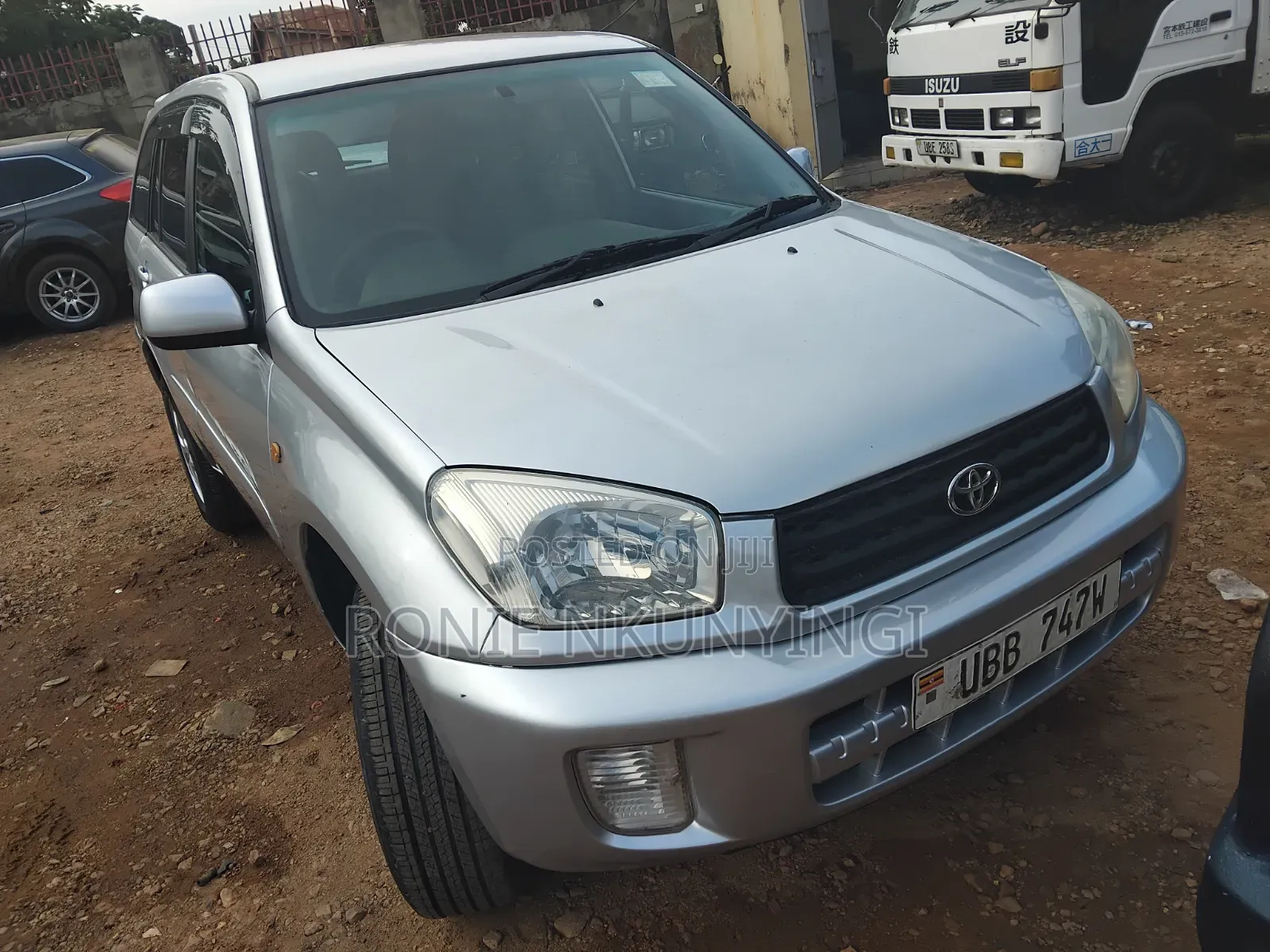Toyota RAV4 Automatic 2003 White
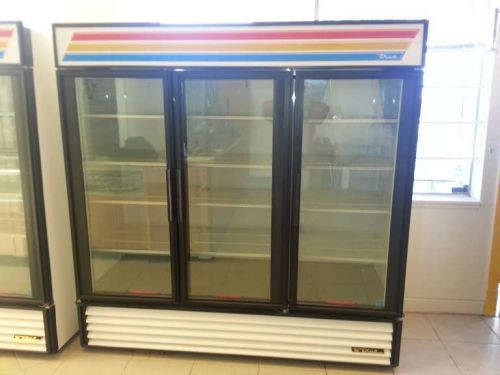 True Refrigerator Merchandikser 12 Shelf, White GDM-72-RC-LD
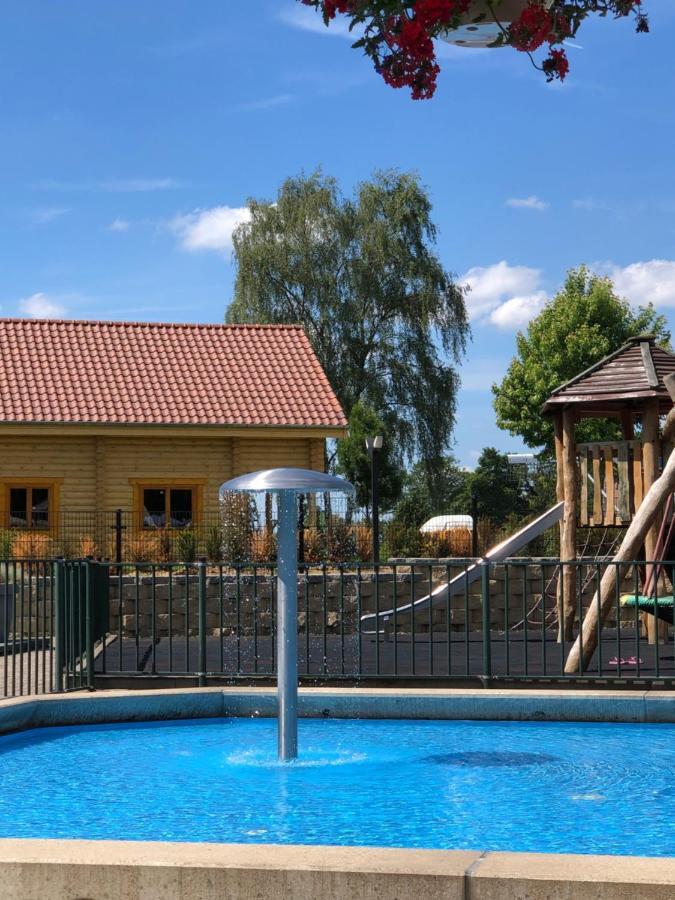Vakantiepark Boomstamhuis High Chaparral *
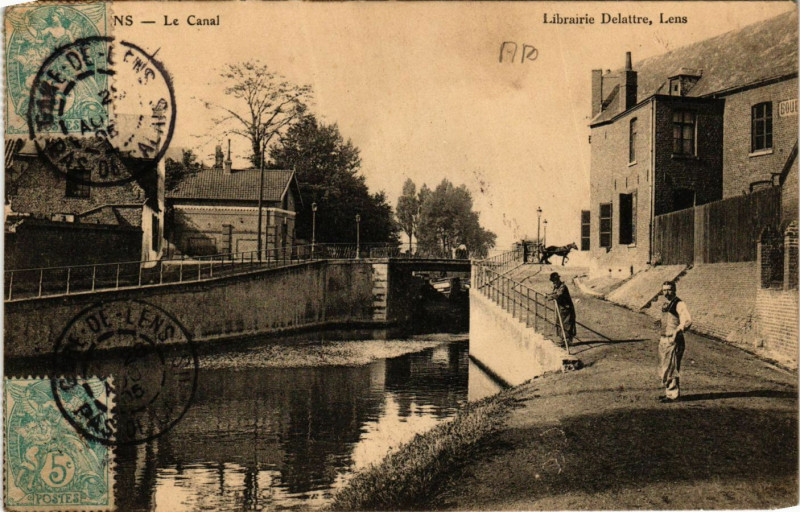 Carte postale ancienne Lens Le Canal à Lens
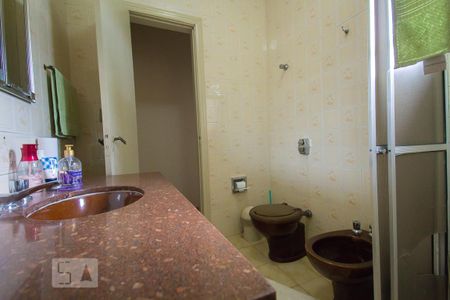 Casa à venda com 180m², 3 quartos e 6 vagasBanheiro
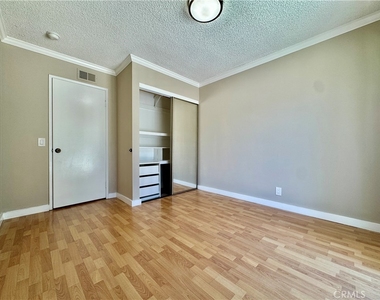 1421 Meadow Glen - Photo Thumbnail 39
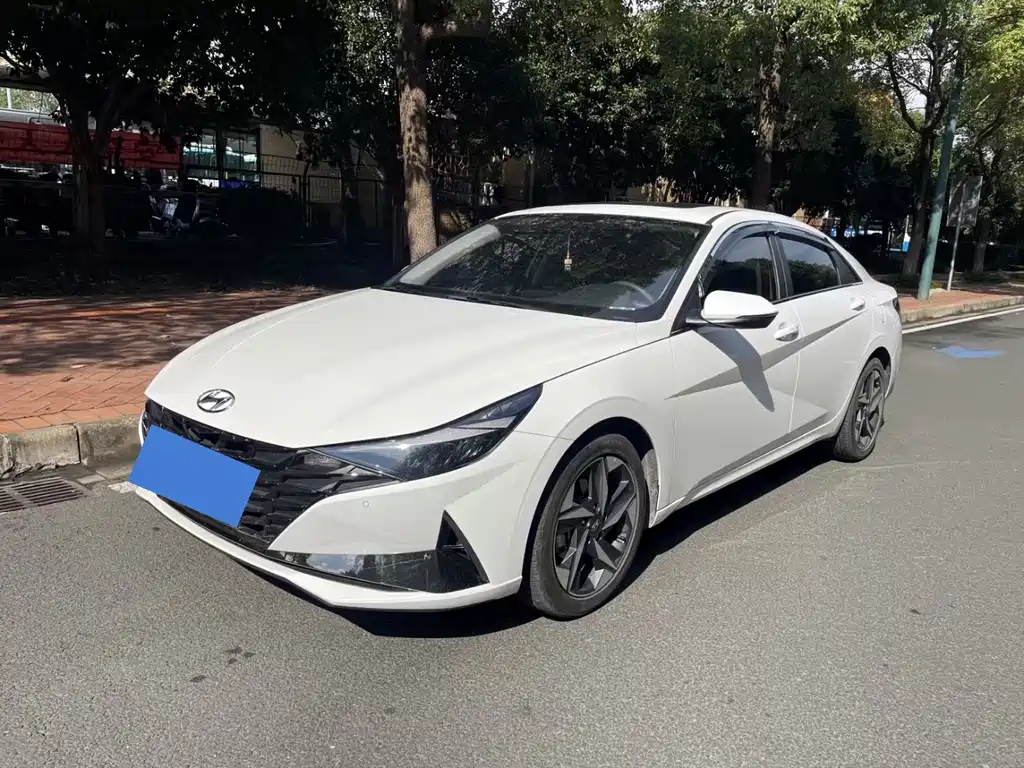 Hyundai Elantra 2022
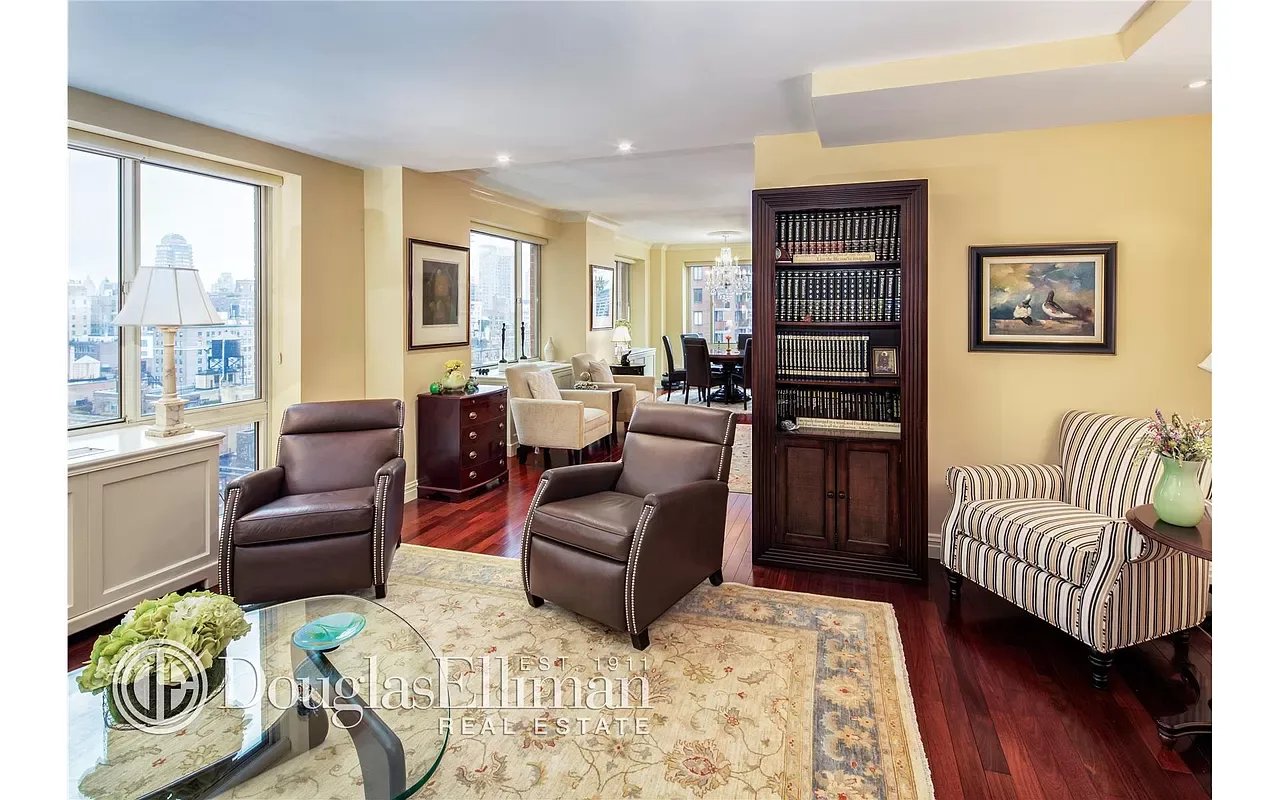 201 East 80th Street Unit: 16A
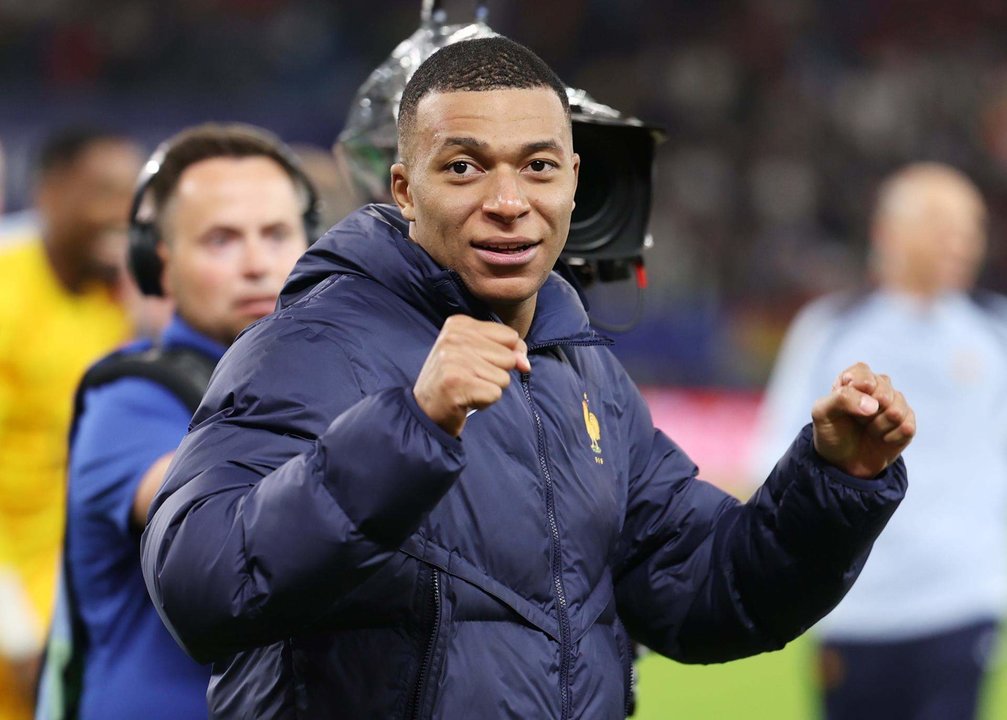 Kylian Mbappé celebra el pase de Francia a las semifinales de la Eurocpa tras ganar en los penaltis a Portugal. EFE/EPA/CHRISTOPHER NEUNDORF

•••••

▶ _Description of the task_:
Only one stretch of the entries above is needed: the lines from the one containing "Vakantiepark Boomstamhuis High Chaparral *" through the one containing "201 East 80th Street Unit: 16A". Copy it exactly, without the pictures.

▶ _Exercise output_:
Vakantiepark Boomstamhuis High Chaparral *
 Carte postale ancienne Lens Le Canal à Lens
 Casa à venda com 180m², 3 quartos e 6 vagasBanheiro
 1421 Meadow Glen - Photo Thumbnail 39
 Hyundai Elantra 2022
 201 East 80th Street Unit: 16A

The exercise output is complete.